In Clint Eastwood’s Cry Macho, Even the Rooster Is Bad

Clint Eastwood is back in a starring role at age 91 in Cry Macho. But if this is to be his final film, it’s an awful way for a legend to say goodbye.

Clint Eastwood as Mike Milo in Cry Macho. (Warner Bros.)


The ludicrous title “Cry Macho” is oddly perfect for this pitifully bad movie currently playing in theaters and on HBO Max — perfect because you kind of want to cry watching Clint Eastwood try to demonstrate that he’s still, at age ninety-one, both the toughest hombre around and catnip to all women.

For decades, Eastwood’s maniacal physical fitness made him a formidable-looking senior citizen. But now he’s truly a frail, elderly geezer, with thin, papery skin and wispy white hair, and that unmistakable old guy walk, stooped slightly forward, with legs wide and shuffling. His famously low, growling voice is shot. Now it’s a creaky, sketchy, faded old whisper that couldn’t possibly put any convincing menace into a line like “Go ahead, make my day.”

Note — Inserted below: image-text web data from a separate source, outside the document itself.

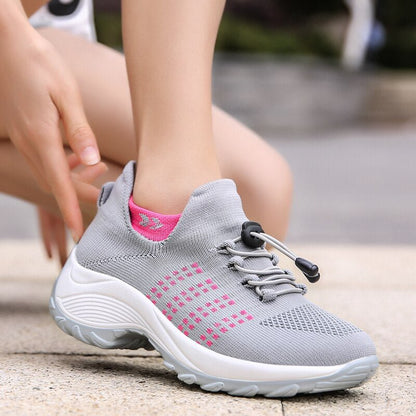 Orthopedic Stretch Cushion Shoes - Gray Pink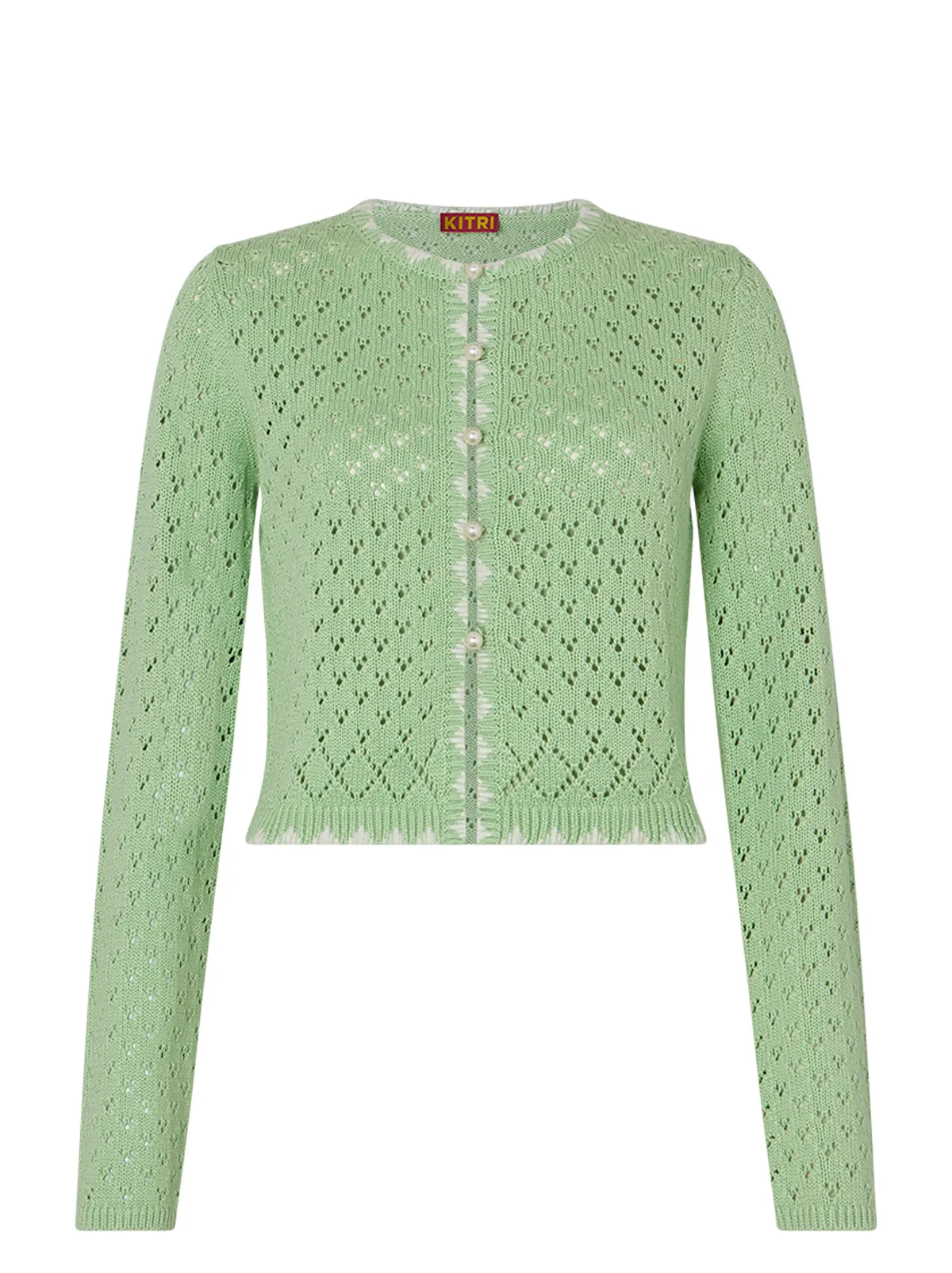 Carmel Pistachio Pointelle Knit Cardigan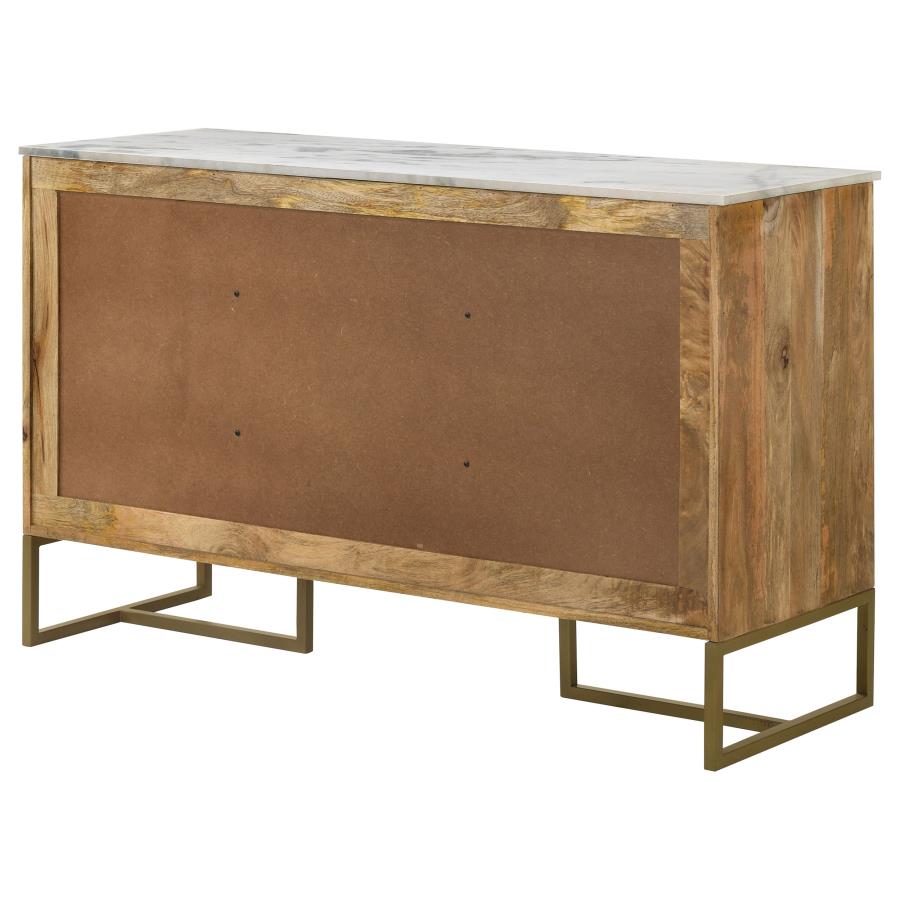 Keaton 3-door Marble Top Herringbone Accent Cabinet Natural - 951138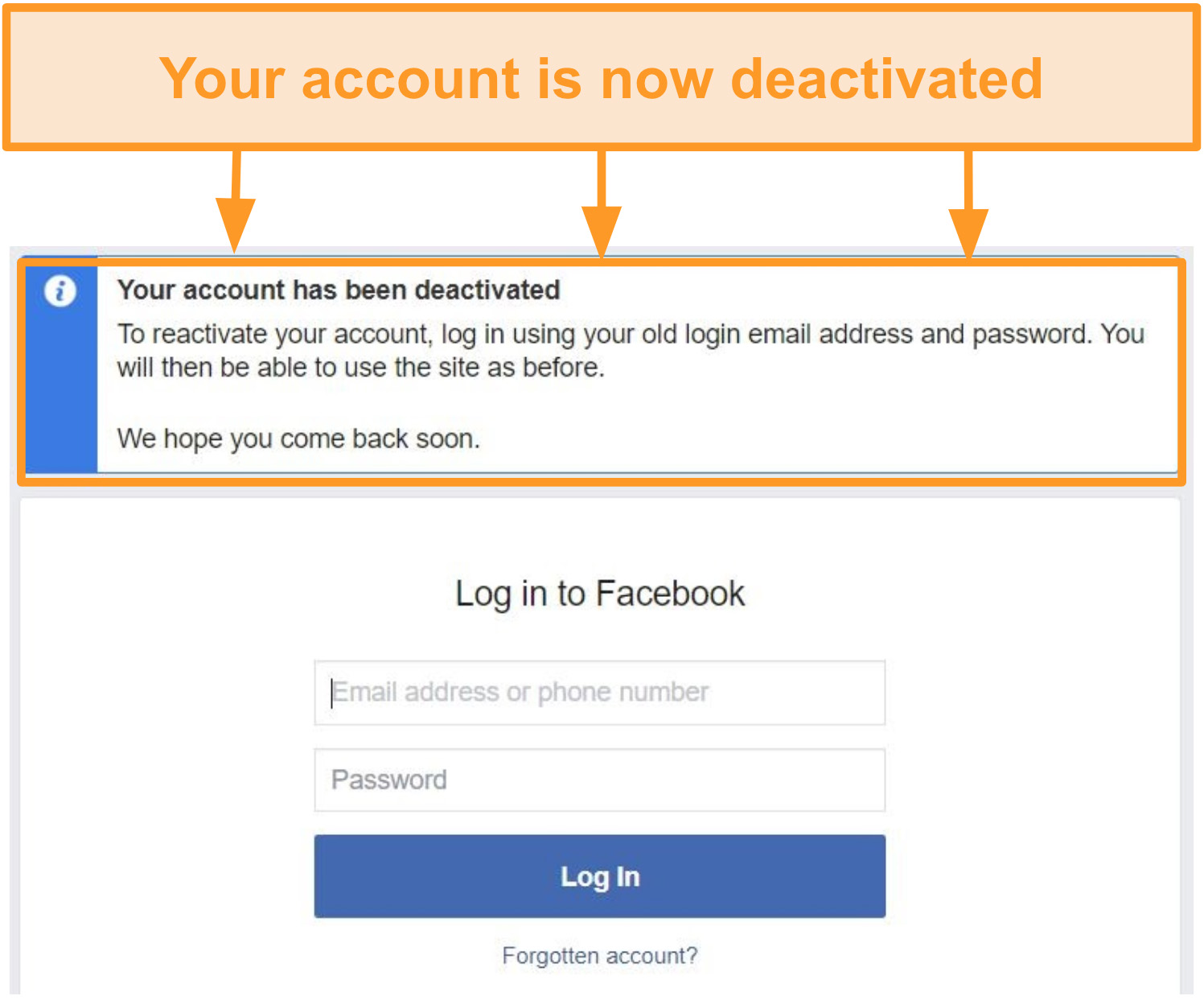 Account has been deactivated. How to deactivate account in Instagram.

Yet here he is, still wheezing out attempts at menace and punching malefactors in the face and breaking wild horses that buck violently in a way that would fracture every fragile bone in his body if he were actually in the saddle, instead of his presumably much younger stuntman. He also tantalizes the women in the cast, who have to exhibit impossible emotions ranging from raw lust to deep romantic yearning for him.